SEARCH & SEIZURE & THROW BAGS IN TAMPA BAY, FLORIDA

One might think that a search warrant is always required to search a home in Tampa Bay, Florida or to search a vehicle in Tampa Bay, Floida. But over the years courts and legislatures have carved a large number of exceptions to this general rule despite objections from Clearwater Criminal Defense Lawyers.

For example, if an officer is given consent to search, or if an officer observes illicit objects “in plain view” or if an officer fears for his or her safety or if the officer is in hot pursuit of a Defendant incident to a crime then no search warrant may be necessary.

An officer is under no requirment to be honest with a citizen and part of effective police tactics often entails giving an individual a false impression of the legal status of a particular search. A judge will not throw out a case based on mere misrepresentation unless it is egregious or outrageous.

Many years ago while I was a green prosecutor, fresh and newly mented out of law school, a friendly officer who was fairly new to Florida but had earlier been a cop in New Jersey for a number of years, laughingly told me about a Defendant who was so verbally abusive upon arrest for something trivial that he wished he’d had a “throw bag.”

“Throw bag?” I asked (when I said I was green, I meant it).

He looked at me in disbelief that anyone could be so naive, “That’s a bag of meth or crack cocaine we’d carry up North to throw down on a guy whose causing trouble.”

The phrase they’d carry up North, with its past tense double denial of not me and not here, but it was the other officers and it was only in the North, led a Clearwater Criminal Defense Attorney to know that throw bags are a real threat to false convictions in Clearwater, Largo, St. Petersburg and Tampa Bay, Florida.

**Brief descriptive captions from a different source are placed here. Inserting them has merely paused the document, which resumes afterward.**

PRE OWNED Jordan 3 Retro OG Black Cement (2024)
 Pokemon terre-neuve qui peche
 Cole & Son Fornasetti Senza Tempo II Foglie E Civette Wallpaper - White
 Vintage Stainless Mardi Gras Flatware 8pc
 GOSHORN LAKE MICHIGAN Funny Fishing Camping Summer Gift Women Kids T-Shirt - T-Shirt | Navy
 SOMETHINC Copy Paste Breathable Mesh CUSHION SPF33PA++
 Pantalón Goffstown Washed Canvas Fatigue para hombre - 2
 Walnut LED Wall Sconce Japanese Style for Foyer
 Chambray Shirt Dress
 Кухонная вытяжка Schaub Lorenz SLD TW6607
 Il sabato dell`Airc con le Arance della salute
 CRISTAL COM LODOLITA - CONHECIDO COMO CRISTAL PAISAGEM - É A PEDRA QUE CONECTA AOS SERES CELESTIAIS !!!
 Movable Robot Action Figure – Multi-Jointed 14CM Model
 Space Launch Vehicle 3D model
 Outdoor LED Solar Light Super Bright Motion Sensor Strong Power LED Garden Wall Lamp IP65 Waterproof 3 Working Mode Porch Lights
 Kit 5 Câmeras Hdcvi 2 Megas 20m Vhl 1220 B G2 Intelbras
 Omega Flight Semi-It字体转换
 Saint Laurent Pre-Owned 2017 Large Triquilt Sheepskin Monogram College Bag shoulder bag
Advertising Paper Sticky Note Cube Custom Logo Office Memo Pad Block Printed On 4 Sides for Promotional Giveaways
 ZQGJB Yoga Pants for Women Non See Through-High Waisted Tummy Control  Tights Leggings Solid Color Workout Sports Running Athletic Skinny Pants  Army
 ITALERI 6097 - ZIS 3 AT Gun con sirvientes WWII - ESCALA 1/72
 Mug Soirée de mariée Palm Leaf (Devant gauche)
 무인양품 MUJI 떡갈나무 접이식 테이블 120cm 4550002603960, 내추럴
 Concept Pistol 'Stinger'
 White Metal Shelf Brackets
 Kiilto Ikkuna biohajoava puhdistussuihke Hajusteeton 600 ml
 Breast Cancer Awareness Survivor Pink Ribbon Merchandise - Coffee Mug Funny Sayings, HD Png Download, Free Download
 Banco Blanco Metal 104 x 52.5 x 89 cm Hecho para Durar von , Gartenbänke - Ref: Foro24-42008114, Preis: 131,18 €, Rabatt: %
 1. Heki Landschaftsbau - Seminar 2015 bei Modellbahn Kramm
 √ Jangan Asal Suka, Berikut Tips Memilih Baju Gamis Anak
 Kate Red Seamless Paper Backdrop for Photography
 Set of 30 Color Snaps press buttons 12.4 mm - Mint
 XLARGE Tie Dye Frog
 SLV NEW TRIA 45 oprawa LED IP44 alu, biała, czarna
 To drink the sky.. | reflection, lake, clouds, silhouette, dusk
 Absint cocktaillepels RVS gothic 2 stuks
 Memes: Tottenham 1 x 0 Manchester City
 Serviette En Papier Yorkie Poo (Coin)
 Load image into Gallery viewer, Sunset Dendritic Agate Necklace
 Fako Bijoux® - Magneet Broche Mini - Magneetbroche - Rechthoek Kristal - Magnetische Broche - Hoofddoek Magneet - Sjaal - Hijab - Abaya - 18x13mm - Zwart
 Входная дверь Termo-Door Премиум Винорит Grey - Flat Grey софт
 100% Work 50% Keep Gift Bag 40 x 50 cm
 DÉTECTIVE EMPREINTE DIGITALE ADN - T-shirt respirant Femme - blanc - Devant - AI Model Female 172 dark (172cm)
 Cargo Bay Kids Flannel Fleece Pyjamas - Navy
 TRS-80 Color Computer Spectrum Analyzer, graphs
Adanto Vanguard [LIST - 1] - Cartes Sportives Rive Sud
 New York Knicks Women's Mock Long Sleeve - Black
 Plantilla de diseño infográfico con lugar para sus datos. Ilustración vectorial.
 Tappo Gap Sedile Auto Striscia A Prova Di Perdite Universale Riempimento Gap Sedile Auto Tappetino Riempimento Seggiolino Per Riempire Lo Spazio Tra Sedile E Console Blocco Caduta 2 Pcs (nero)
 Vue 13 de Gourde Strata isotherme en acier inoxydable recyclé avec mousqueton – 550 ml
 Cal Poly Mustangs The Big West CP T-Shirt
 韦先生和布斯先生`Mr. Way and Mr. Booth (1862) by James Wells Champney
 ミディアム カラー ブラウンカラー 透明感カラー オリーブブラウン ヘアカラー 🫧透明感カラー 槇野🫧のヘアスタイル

And recent Miami convictions of a number of police officers showed that the cops had thrown down a firearm at a crime scene to falsely prove that they’d shot a man in self-defense. The man they shot was actually unarmed. How did the case unravel? The firearm the police threw down had been taken from the police department’s own evidence room. Search and Seizure, fake subpoenas and lack of warrants be damned, all that’s really needed to convict an innocent man is one dishonest law enforcement officer.